MRCP ASR Project Need Help

832 views
Skip to first unread message

Ömer Bitikçioğlu

unread,
Jul 21, 2022, 1:27:11 AM7/21/22
to UniMRCP
Hi,

I am an undergraduate researcher working on a MRCP project. My task is to establish a system which has ASR capability for a telephony application. When a telephone calls us we want to see the text form of the talk.

I discovered your UniMRCP project and thought that no need to implement MRCP from scratch, we can use it. But I am having a struggle about testing the system. I accomplished to establish the UniMRCP server but then what should I do, how can I send MRCP messages and media to the server and get back responses? And how to use those responses on a client site?

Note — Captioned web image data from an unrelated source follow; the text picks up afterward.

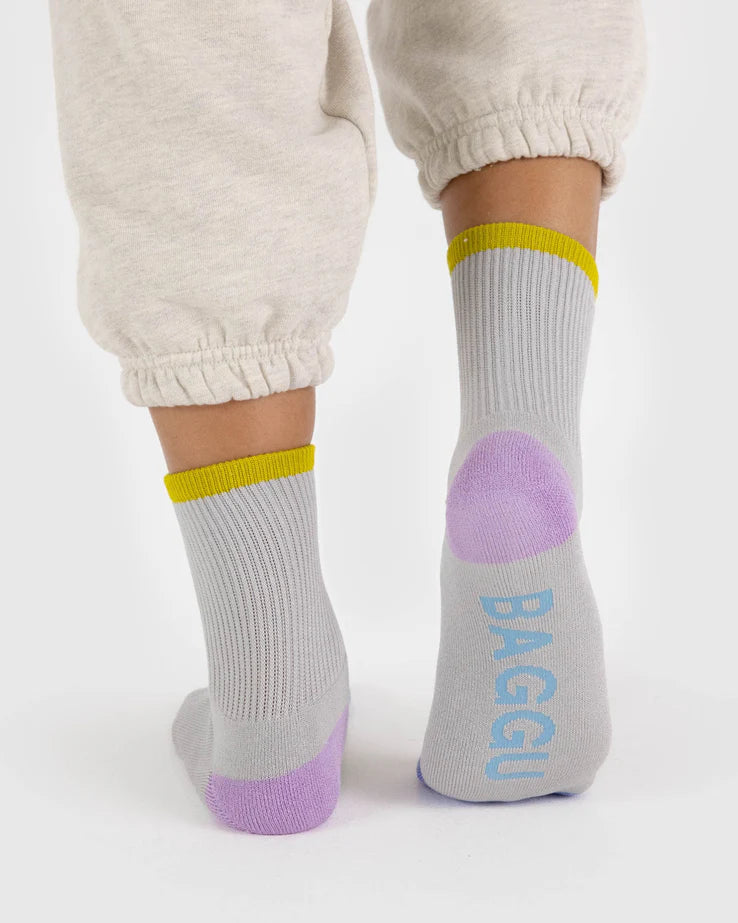 Baggu Ribbed Sock - Multiple Options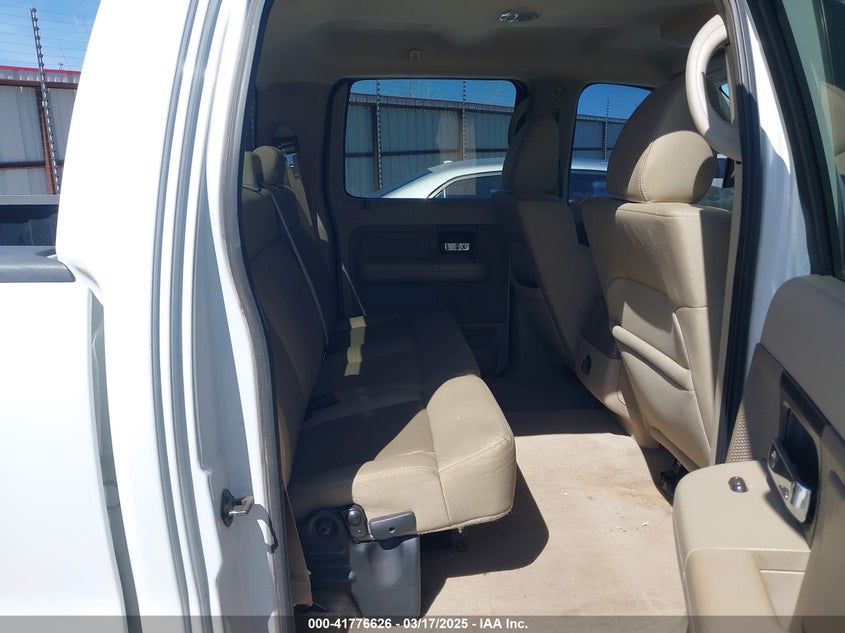 2008 Ford F-150 60Th Anniversary/Fx2/King Ranch/Lariat/Xlt VIN: 1FTPW12V78FB31351 Lot: 41776626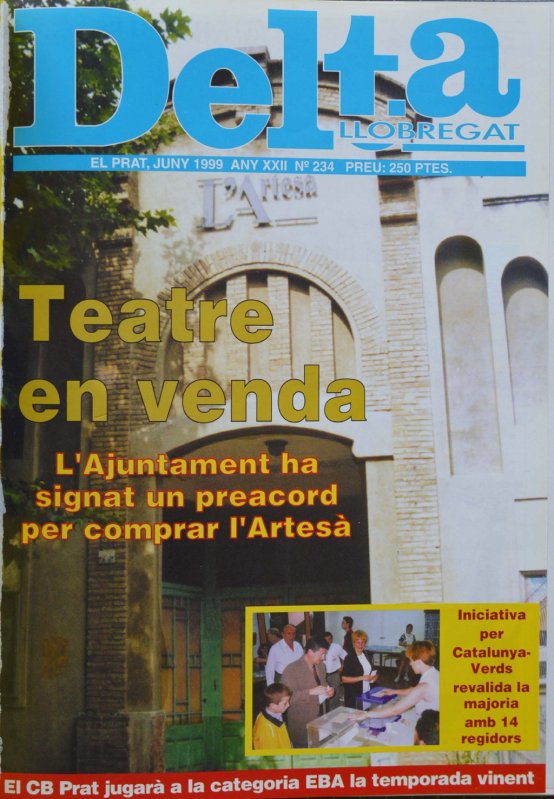 Periòdic Delta, edició nº 234: juny 1999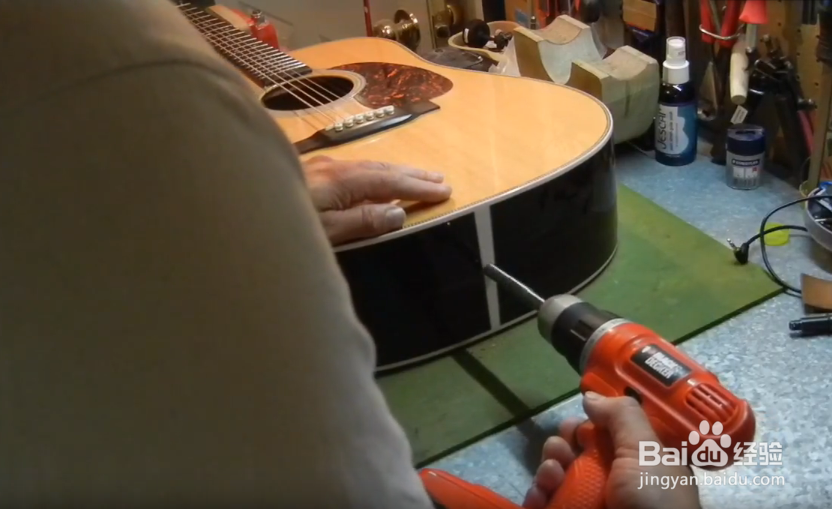 lr 压感拾音器怎么安装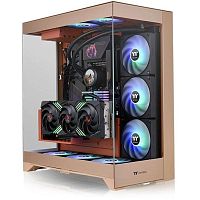 CA-1Z8-00MGWN-00 Корпус Thermaltake CTE E550 TG Gravel Sand коричневый ATX 8x120mm 6x140mm 2xUSB3.0 audio bott PSU [CA-1Z8-00MGWN-00]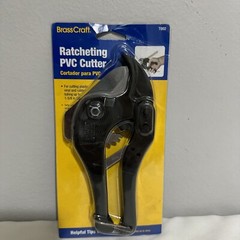 BrassCraft Ratcheting PVC Cutter 1-5/8 In OD T002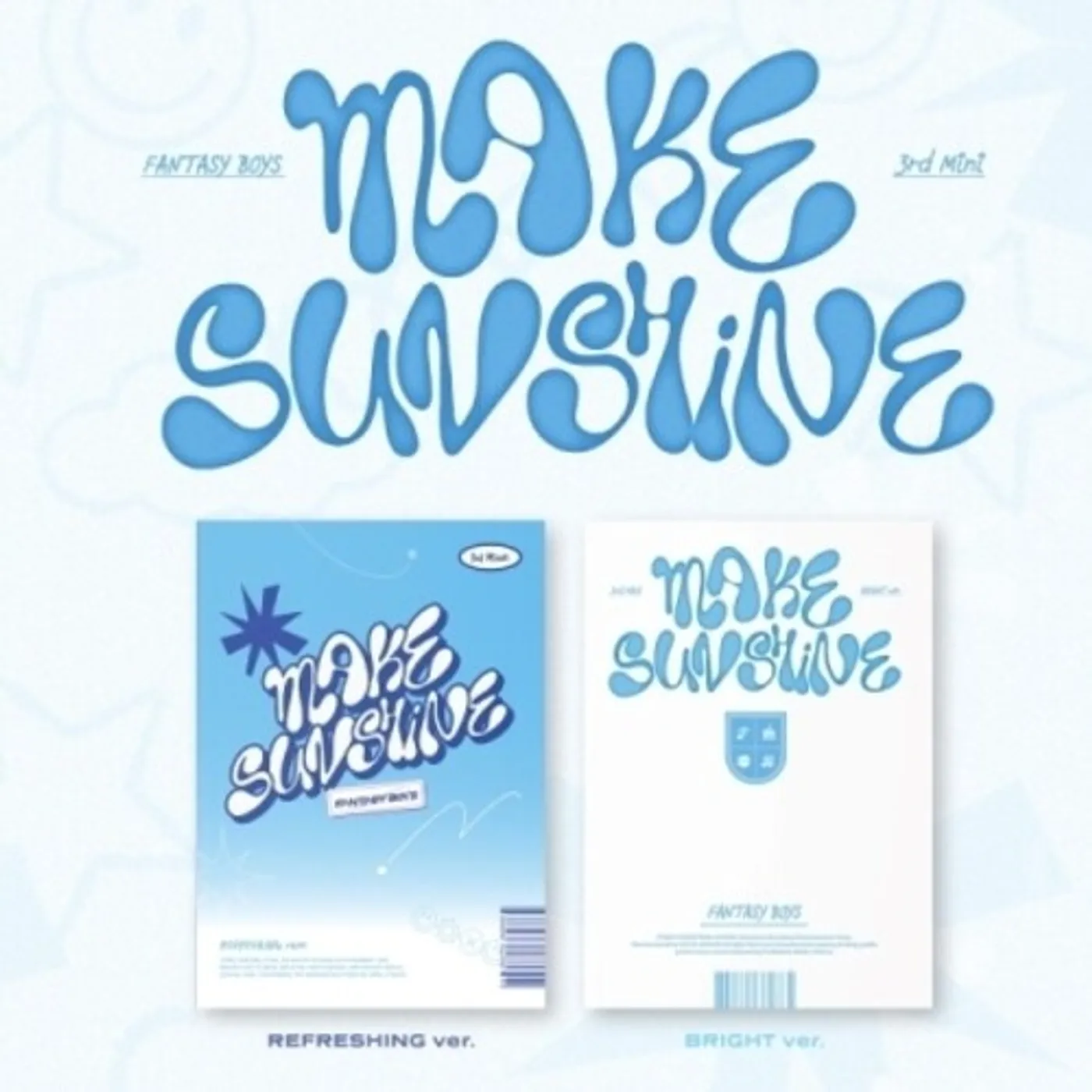 FANTASY BOYS MAKE SUNSHINE CD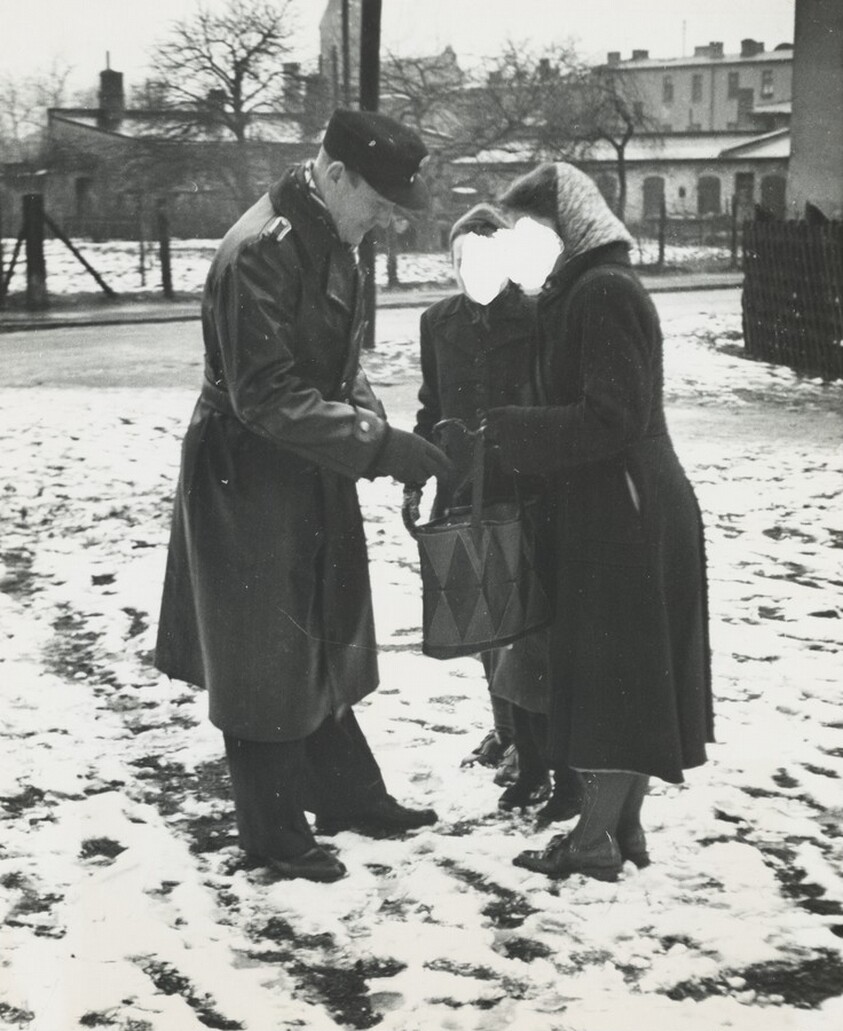 Title from caption on object: “The Case of the ‘Iron Brassiere’”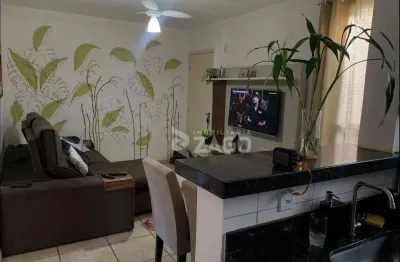 Apartamento com 2 dormitórios à venda, 46 m² por r$ 180.000 - conjunto pontal - uberaba/mg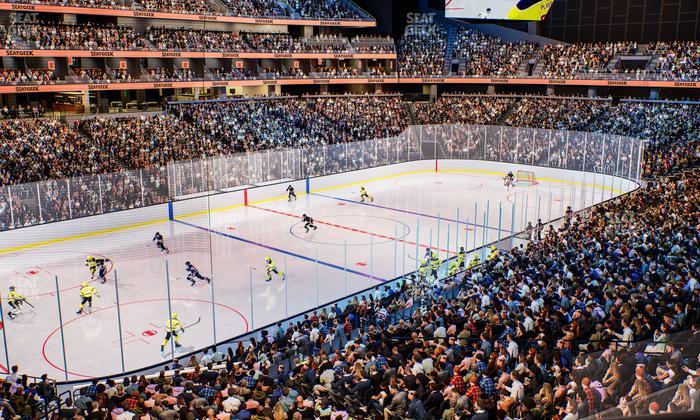 Climate Pledge Arena - Section Suite 19 Seat View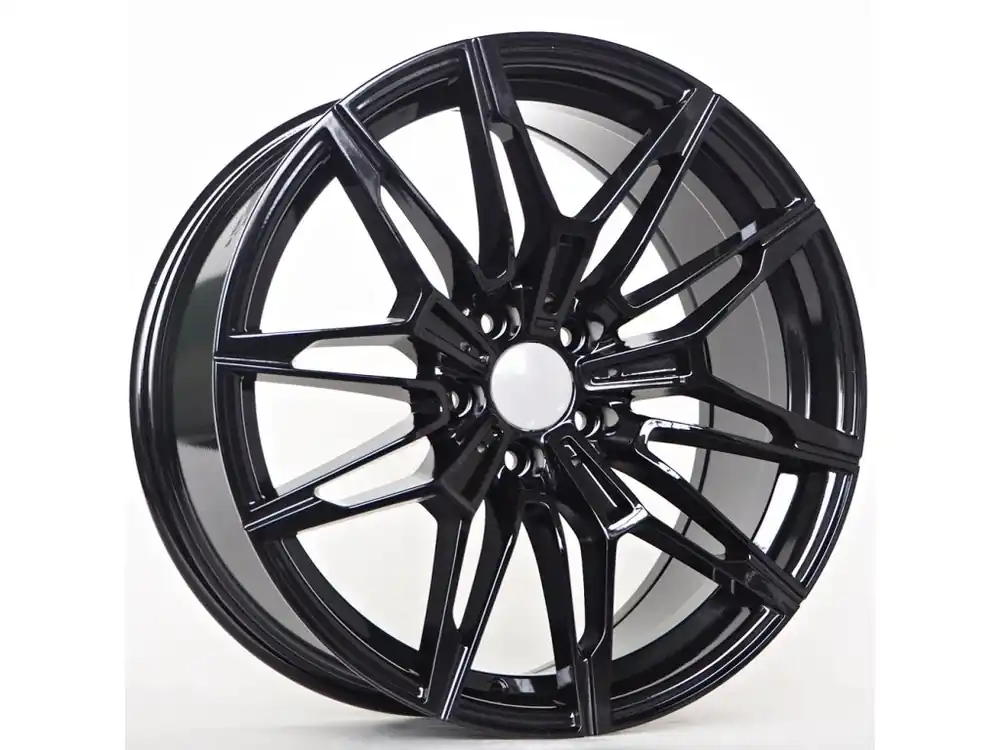 Alu kola Replica Nero 8X19 5X120 ET35 72,60 Black Originální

I have lots of empty spaces in my thoughts, thanks for filling me in.

Have a good one!

Jones Luk

unread,
Jul 21, 2022, 5:18:07 AM7/21/22
to UniMRCP
Your question is too broad to answer.

Perhaps you can get started by playing around with the test client program located at {unimrcp_source_dir}/platforms/unimrcp-client and {unimrcp_source_dir}/platforms/asr-client, study the source codes and see what's happening between the client and server. Later on you may have to install a free PBX system for testing real voice. Thanks to VoIP so you don't really have to have a landline to play around PBX system.

Good luck.

Michael Levy

unread,
Jul 21, 2022, 9:52:28 AM7/21/22
to UniMRCP
I'll give you some suggestions on how to think about this. This is how I think about these systems, but others may have different views. 
The question I often ask is "what answers the telephone call?". Unimrcp does not answer phone calls. It lets systems that do answer phone calls communicate with media services like speech recognition and speech synthesis.

Phone calls can arrive using different technologies or protocols, but for your purposes a Voice-over-IP call using SIP and RTP is most likely.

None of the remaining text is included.